Senior U.S. District Judge Thad Heartfield of Beaumont passed away yesterday.
Judge Heartfield was born and raised in Port Arthur, Texas. After graduating from St. Mary’s School of Law in 1965, he began his legal career as an Assistant District Attorney with the Jefferson County District Attorney’s Office. He then became the City Attorney of Beaumont at the age of 28, one of the youngest in the state, where he remained as chief of the legal department for five years. He then went into the private practice of law, representing individuals, corporations and public entities in civil litigation.
In 1994, Congressman Jack Brooks recommended and personally supported the appointment of Thad Heartfield to become a United States District Judge. In 1995, President Bill Clinton nominated him for the position, and he was, shortly thereafter, confirmed by the United States Senate. He took the Oath of Office in April 1995 and took senior status in 2010.
During his tenure, he became Chief Judge and implemented several innovations and improvements to the judicial system, including electronic filing, the addition of magistrate judgeships in Marshall and Sherman, Texas, and he continually lobbied Congress for additional district judgeships. He assisted in acquiring federal funding for a new courthouse in Plano, Texas, and he dramatically increased the growth and success of the Eastern District Bench/Bar Conference, which is, to this date, annually attended by lawyers throughout the United States. At his portrait hanging ceremony on March 9, 2007, he pointedly expressed his view of our justice system as he sees it from the federal bench: “Lawyers are the real backbone of our system of justice, and I respect them for their dedication, sacrifice and hard work, so that justice may be done.”
Judge Heartfield played a crucial role in the development of the Eastern District patent docket. He took the first patent case in Marshall to trial in 1999 (Texas Instruments v. Hyundai), and over the course of that case his writings, later known as the “Jello-O” trilogy (eventually five massively substantive opinions over a ten week period – copies appended at the bottom) displayed a standard for judicial management of patent cases that challenged the judges that followed.
Why Jell-O? This excerpt from Jello-O I tells the story:
At the “Evidentiary Hearing” held before this Court on February 4, 1999, counsel for Texas Instruments, Mr. Kenneth Adamo, succinctly described the trouble with Hyundai’s various arguments it levies to support its “TI Country Concept” interpretation of the License Agreement: “… Hyundai’s license defense, to try to figure out what the defense has been, when, and what the parameters are, if I can use an expression from my childhood, has been like trying to nail Jell-O to a wall.” Transcript of Evidentiary Hearing at 89. This Court has felt similar frustration throughout Hyundai’s briefing and motions. Well Mr. Adamo, consider the Jell-O nailed.

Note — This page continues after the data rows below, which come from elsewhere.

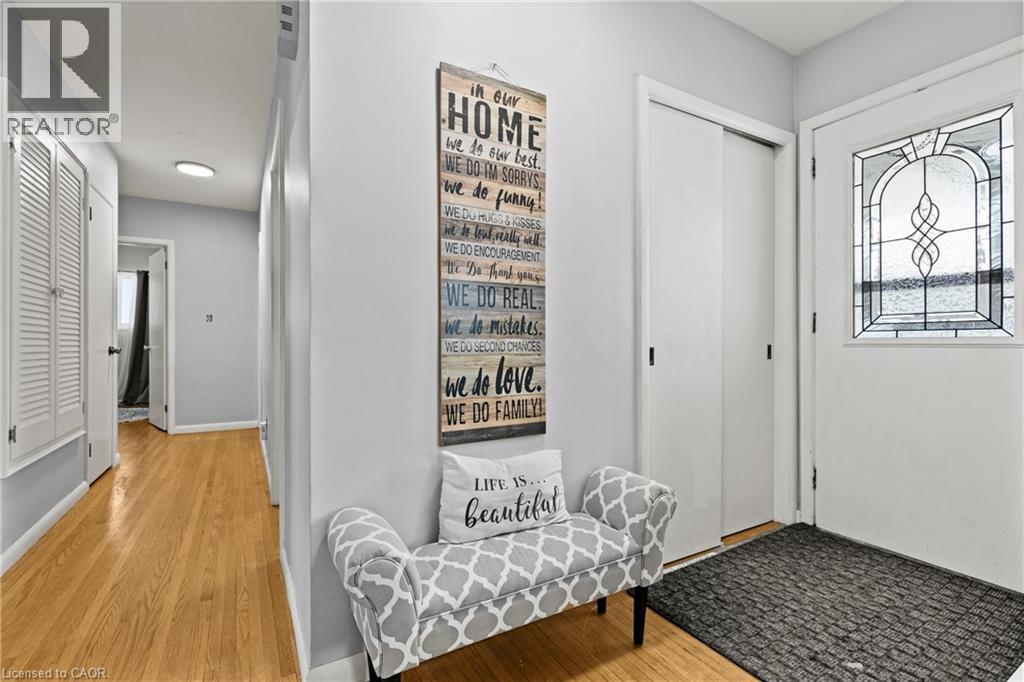 4 Mountview Avenue, Grimsby, Ontario  L3M 1V5 - Photo 2 - 40803132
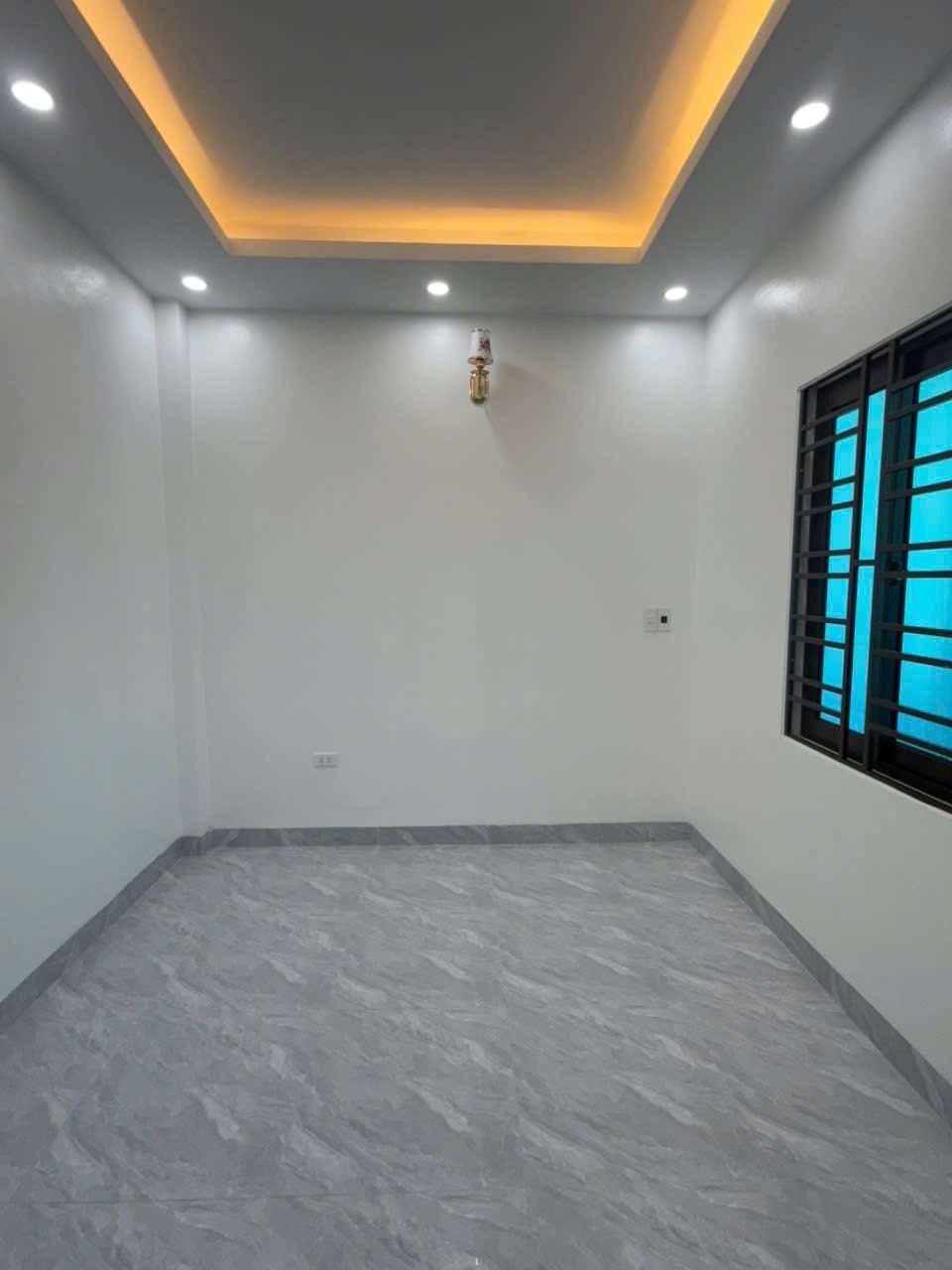 Bán căn nhà 2 tầng ngõ phố Lê Viết Hưng, ph Ngọc Châu, TP HD, 51m2, mt 4m, 3 ngủ, 2vs 8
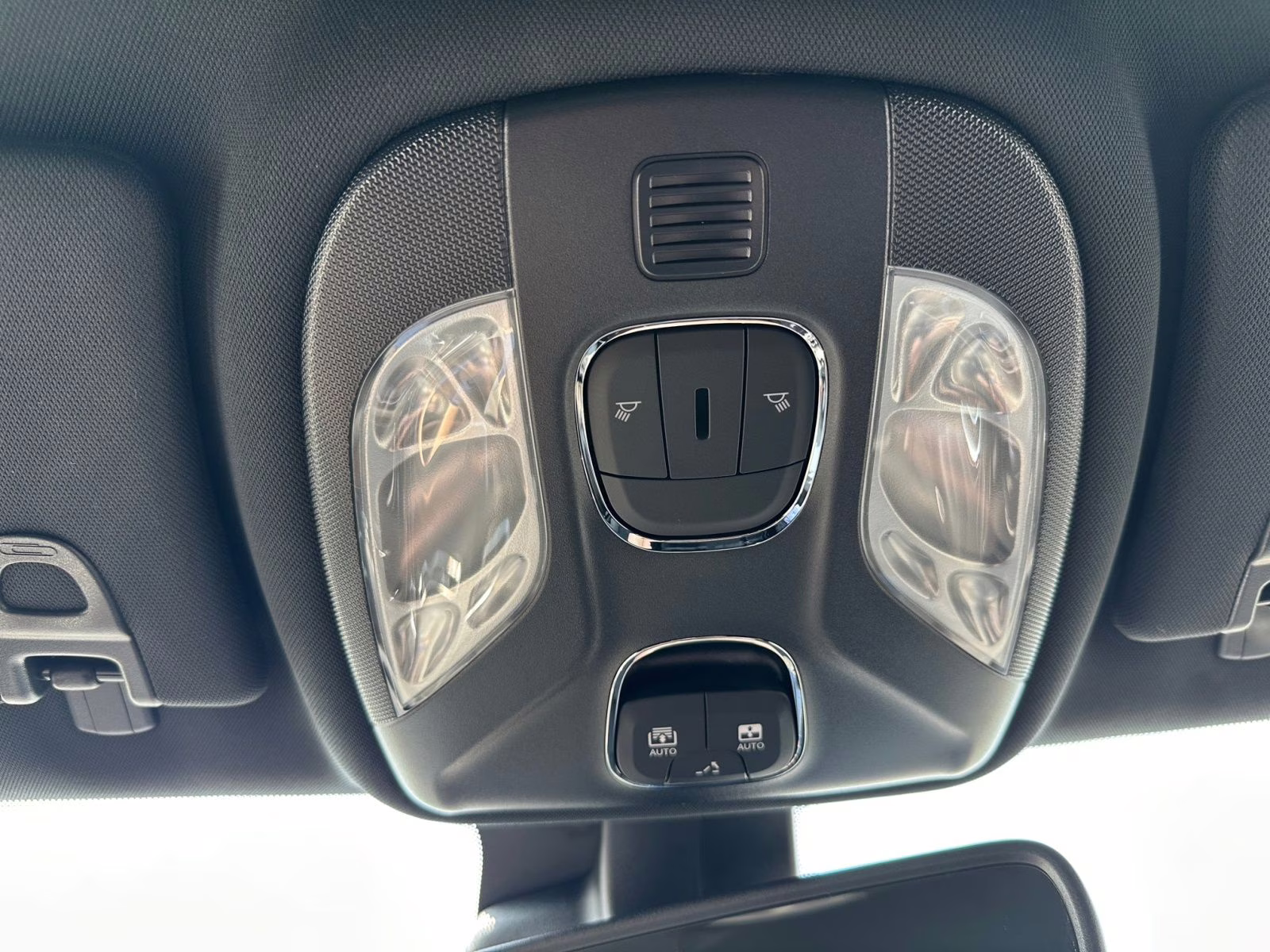 2025 Hydro Blue Pearlcoat Jeep Compass Limited 4X4 SUV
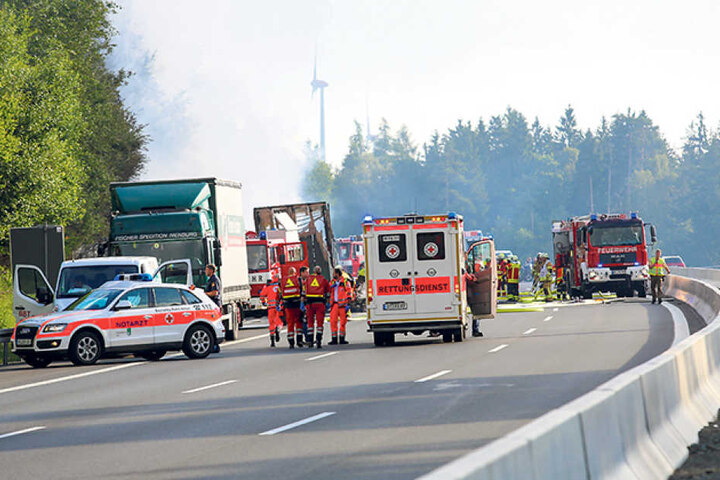 Rettungsassistent Thorsten Ullrich (44, links laufend) versorgte Opfer am Unglücksort.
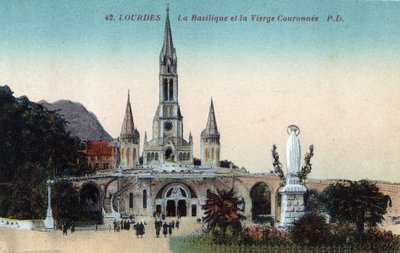 La basílica y la virgen coronada en Lourdes - Altos Pirineos (65) alrededor de 1900. de Anonymous Anonymous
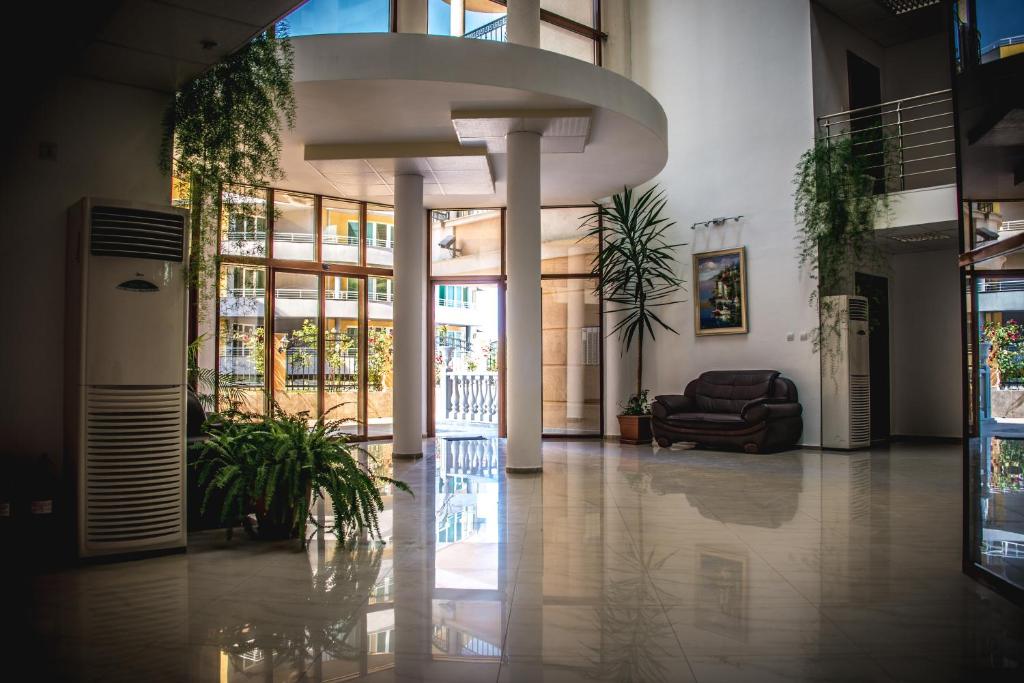 Apart Hotel Apolonia Palace photo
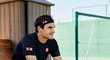 Roger Federer předvádí první tenisové boty firmy On, do níž se zapojil i jako investor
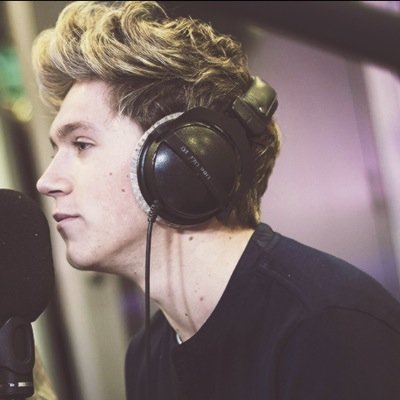 Just wanted to tell you I love you all- Niall Horan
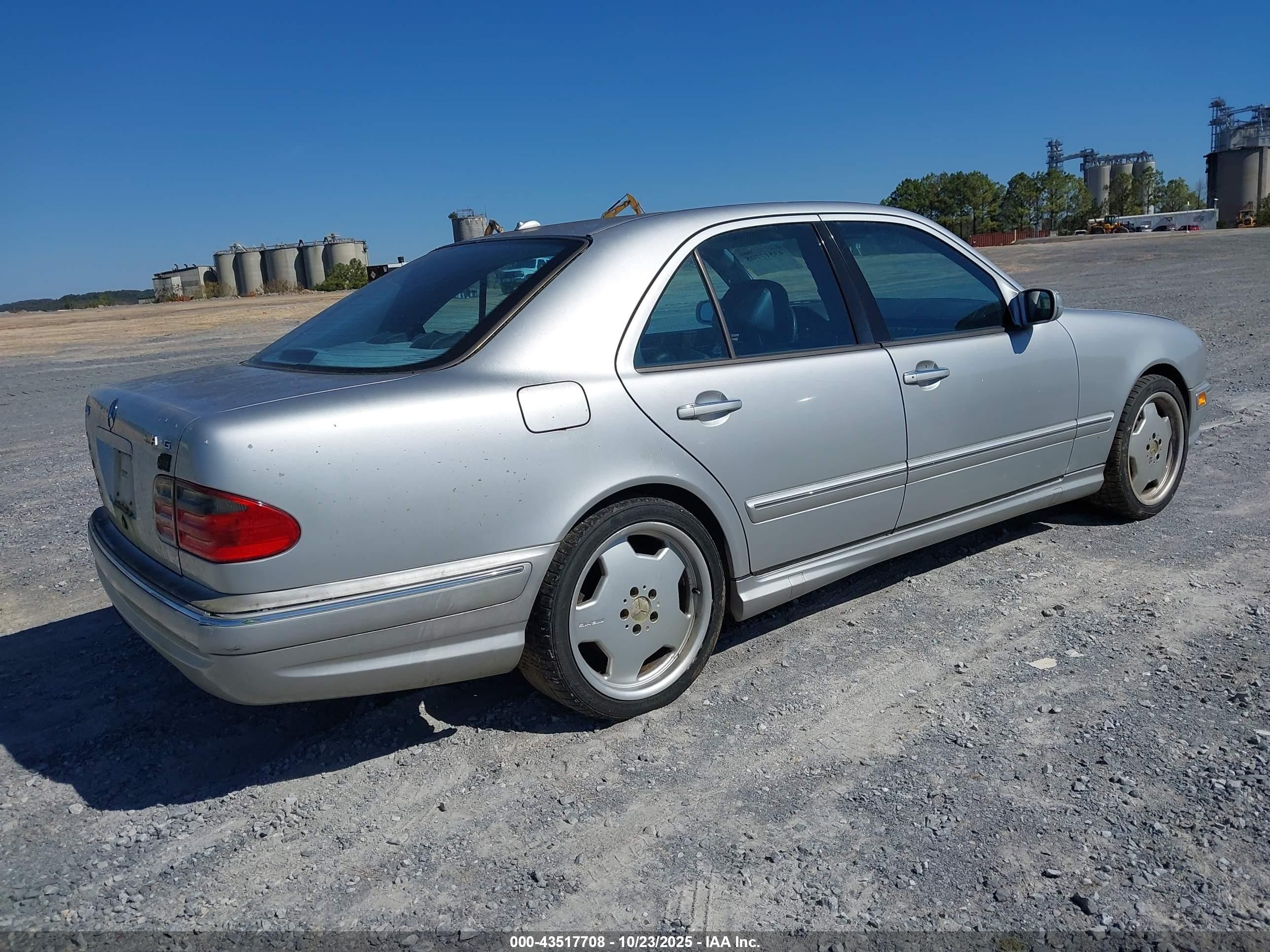 2001 Mercedes-benz E 55 Amg   Silver vin: WDBJF74J71B306504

Jell-O I at fn 82 (yes, “eighty-two”) (emphasis added). This massive opinion was handed out at the conclusion of the hearing. The lawyers reading it in the car on the way back from the hearing in Beaumont related that were laughing so hard they had to pull over to avoid causing a wreck.
Judge Heartfield’s wit translated well in his opinions, where they served to make clear to the parties that no matter how much they threw at him, he was equal to the task. “Candor and accuracy are endangered species at hearings;” he once told the parties. “[I]t is nice to know that occasionally these curious beasts roam an environment that so desperately needs them.” A later opinion elaborated that “Well, these curious beasts are nowhere to be found in this particular motion.”
And later in the same opinion “When this Court takes its final step back to see the forest for the trees, it notices Hyundai trying to burn a few of them off.” A later opinion analogized the parties’ dispute to an episode of Star Trek: The Next Generation. It then prefaced an important finding with “Well hear ye, hear ye, [party].” and closed with this “Well [party], try to excerpt, re-define, and confuse this:” Another metaphor about the parties successfully giving birth to a “healthy, sales-cap termination clause” was accompanied by a sad footnote. “Don’t smoke those cigars just yet,” he cautioned readers. “[T]he newborn is about to cause a ruckus.”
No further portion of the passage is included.